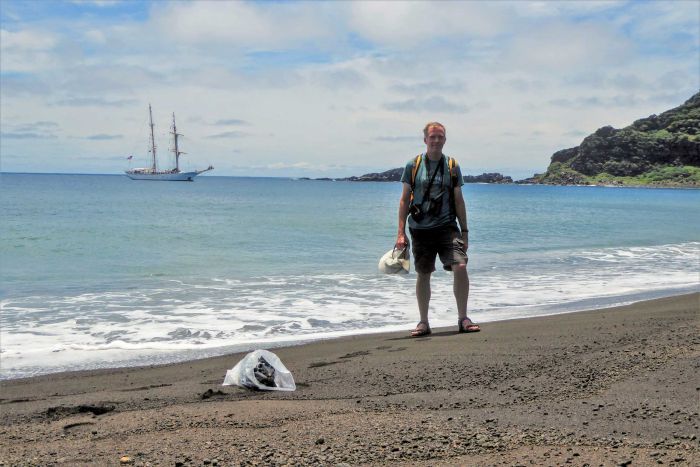 A man in shorts and t-shirt wearing a backpack and camera equipment stands on a black sand beach with a boat in the background|700x467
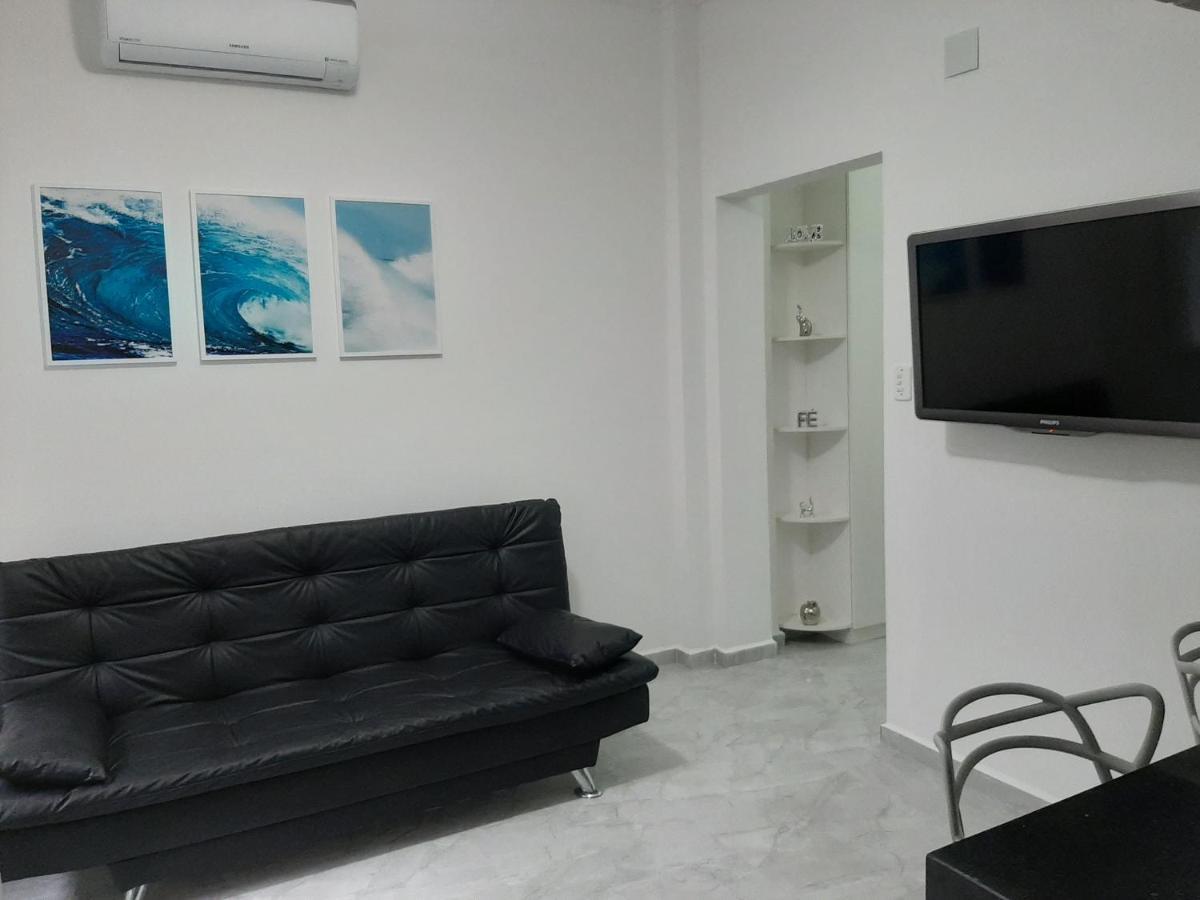 Apartamento Pitangueiras - Guarujá Bagian luar foto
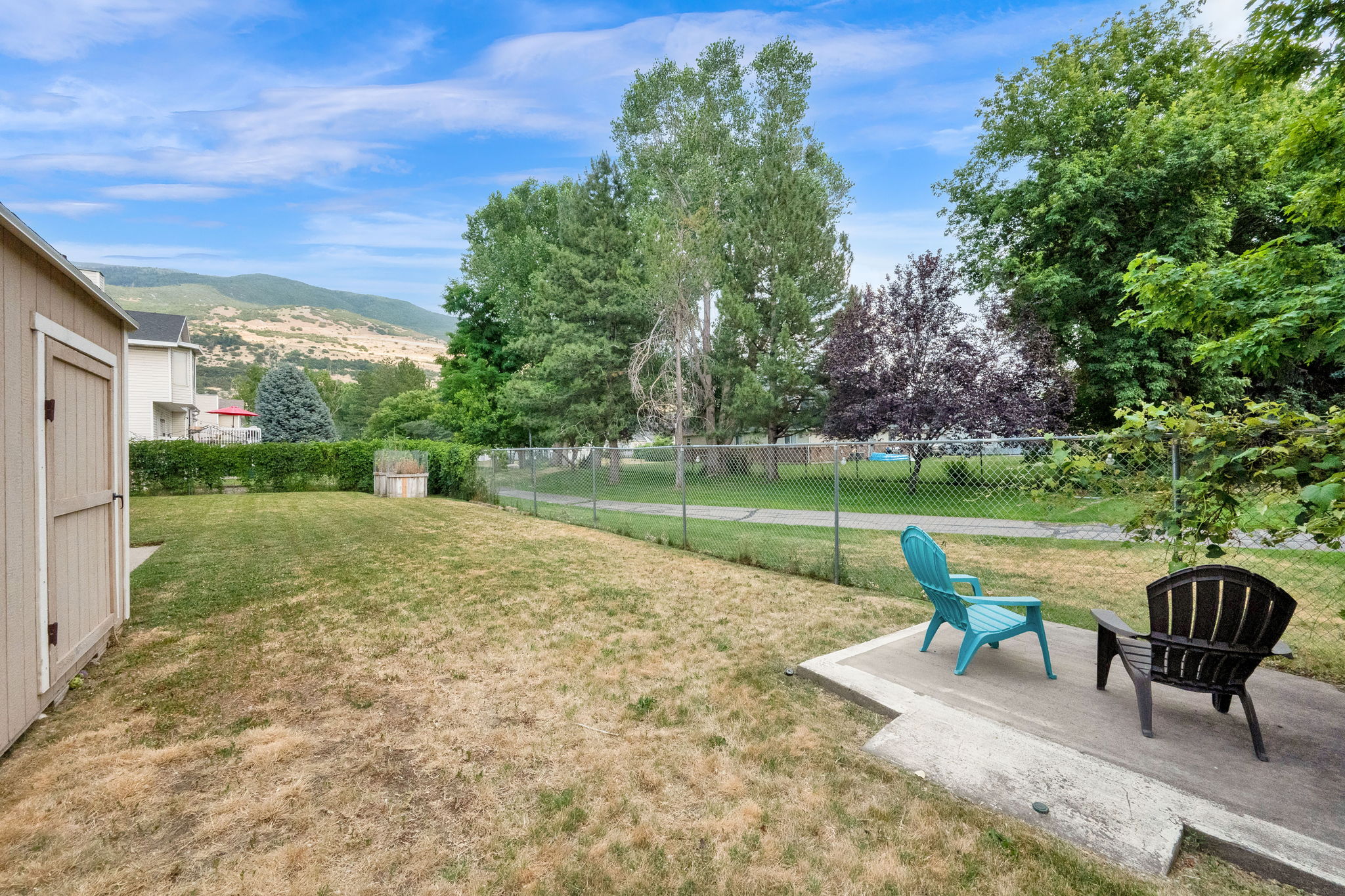 Expansive backyard with a concrete patio, wood-sided storage shed, and chain-link fencing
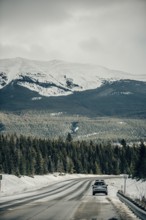 Winter road trip on the Icefields Parkway with lots of snow and ice, Banff National Park, Jasper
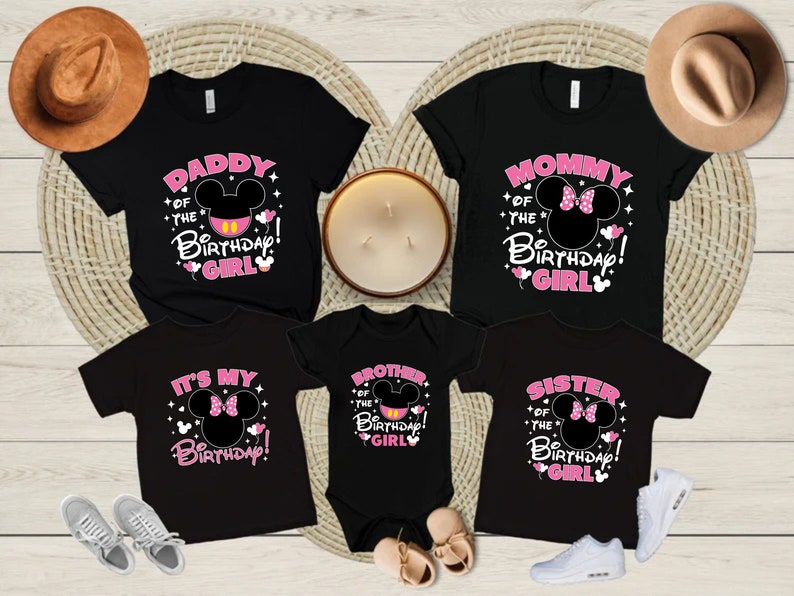 Puede incluir: Camisetas negras con texto rosa y blanco y un dise&ntilde;o de cabeza de Mickey Mouse. Las camisetas dicen "Daddy of the Birthday Girl", "Mommy of the Birthday Girl", "It's My Birthday", "Brother of the Birthday Girl" y "Sister of the Birthday Girl".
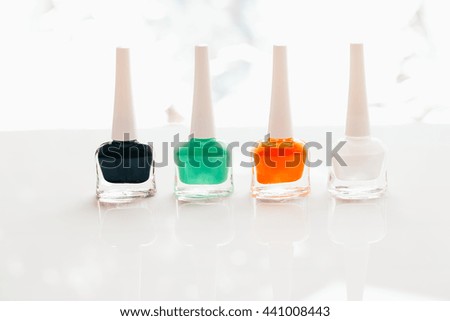 colored nail polish on a white background.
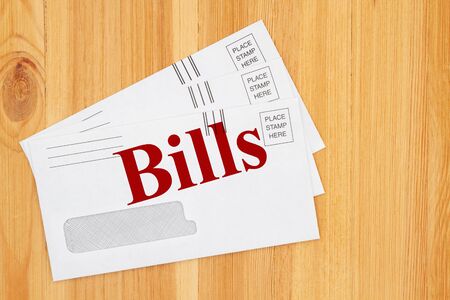 Pile of bills message on white business envelope on a wood deskの写真素材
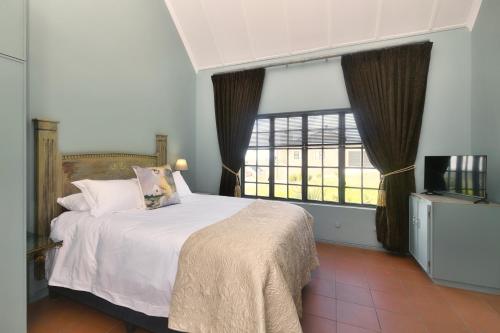 a bedroom with a bed and a large window at Grace Courtyard Cottage in Bredasdorp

= = = =

- Task goal -
Starting at the line above that holds "Expansive backyard with", repeat every line exactly down to and including the line that holds "Winter road trip", then stop. Do not carry over any pictures.

- Your response -
 Expansive backyard with a concrete patio, wood-sided storage shed, and chain-link fencing
 Winter road trip on the Icefields Parkway with lots of snow and ice, Banff National Park, Jasper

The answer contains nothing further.